### WORK TO BE COMPLETED
Nothing in the records may change when you print them out again.

### DATA RECORDS
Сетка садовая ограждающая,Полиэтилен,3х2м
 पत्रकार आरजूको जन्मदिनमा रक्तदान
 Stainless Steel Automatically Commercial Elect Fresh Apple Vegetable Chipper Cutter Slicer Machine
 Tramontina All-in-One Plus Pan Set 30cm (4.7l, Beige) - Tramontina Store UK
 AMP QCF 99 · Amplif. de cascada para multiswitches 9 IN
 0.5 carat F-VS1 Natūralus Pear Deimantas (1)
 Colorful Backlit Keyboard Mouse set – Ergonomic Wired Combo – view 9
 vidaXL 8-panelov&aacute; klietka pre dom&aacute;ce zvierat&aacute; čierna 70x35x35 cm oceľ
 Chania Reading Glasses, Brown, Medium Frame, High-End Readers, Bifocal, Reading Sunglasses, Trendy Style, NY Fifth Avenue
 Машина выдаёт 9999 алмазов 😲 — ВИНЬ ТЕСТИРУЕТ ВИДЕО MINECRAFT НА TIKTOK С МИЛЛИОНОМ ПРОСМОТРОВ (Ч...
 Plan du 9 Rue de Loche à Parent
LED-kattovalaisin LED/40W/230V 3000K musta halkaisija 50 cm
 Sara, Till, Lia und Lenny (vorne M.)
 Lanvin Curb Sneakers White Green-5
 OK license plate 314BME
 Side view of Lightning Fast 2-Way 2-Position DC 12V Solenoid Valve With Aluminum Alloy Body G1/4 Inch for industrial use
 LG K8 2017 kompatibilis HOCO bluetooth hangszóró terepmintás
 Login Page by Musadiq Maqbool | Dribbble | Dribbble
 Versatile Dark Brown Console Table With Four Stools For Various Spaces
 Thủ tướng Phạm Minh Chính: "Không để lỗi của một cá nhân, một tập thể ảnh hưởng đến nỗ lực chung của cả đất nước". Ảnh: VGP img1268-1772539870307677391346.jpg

### REPLY TO THE EXERCISE
Сетка садовая ограждающая,Полиэтилен,3х2м
 पत्रकार आरजूको जन्मदिनमा रक्तदान
 Stainless Steel Automatically Commercial Elect Fresh Apple Vegetable Chipper Cutter Slicer Machine
 Tramontina All-in-One Plus Pan Set 30cm (4.7l, Beige) - Tramontina Store UK
 AMP QCF 99 · Amplif. de cascada para multiswitches 9 IN
 0.5 carat F-VS1 Natūralus Pear Deimantas (1)
 Colorful Backlit Keyboard Mouse set – Ergonomic Wired Combo – view 9
 vidaXL 8-panelov&aacute; klietka pre dom&aacute;ce zvierat&aacute; čierna 70x35x35 cm oceľ
 Chania Reading Glasses, Brown, Medium Frame, High-End Readers, Bifocal, Reading Sunglasses, Trendy Style, NY Fifth Avenue
 Машина выдаёт 9999 алмазов 😲 — ВИНЬ ТЕСТИРУЕТ ВИДЕО MINECRAFT НА TIKTOK С МИЛЛИОНОМ ПРОСМОТРОВ (Ч...
 Plan du 9 Rue de Loche à Parent
LED-kattovalaisin LED/40W/230V 3000K musta halkaisija 50 cm
 Sara, Till, Lia und Lenny (vorne M.)
 Lanvin Curb Sneakers White Green-5
 OK license plate 314BME
 Side view of Lightning Fast 2-Way 2-Position DC 12V Solenoid Valve With Aluminum Alloy Body G1/4 Inch for industrial use
 LG K8 2017 kompatibilis HOCO bluetooth hangszóró terepmintás
 Login Page by Musadiq Maqbool | Dribbble | Dribbble
 Versatile Dark Brown Console Table With Four Stools For Various Spaces
 Thủ tướng Phạm Minh Chính: "Không để lỗi của một cá nhân, một tập thể ảnh hưởng đến nỗ lực chung của cả đất nước". Ảnh: VGP img1268-1772539870307677391346.jpg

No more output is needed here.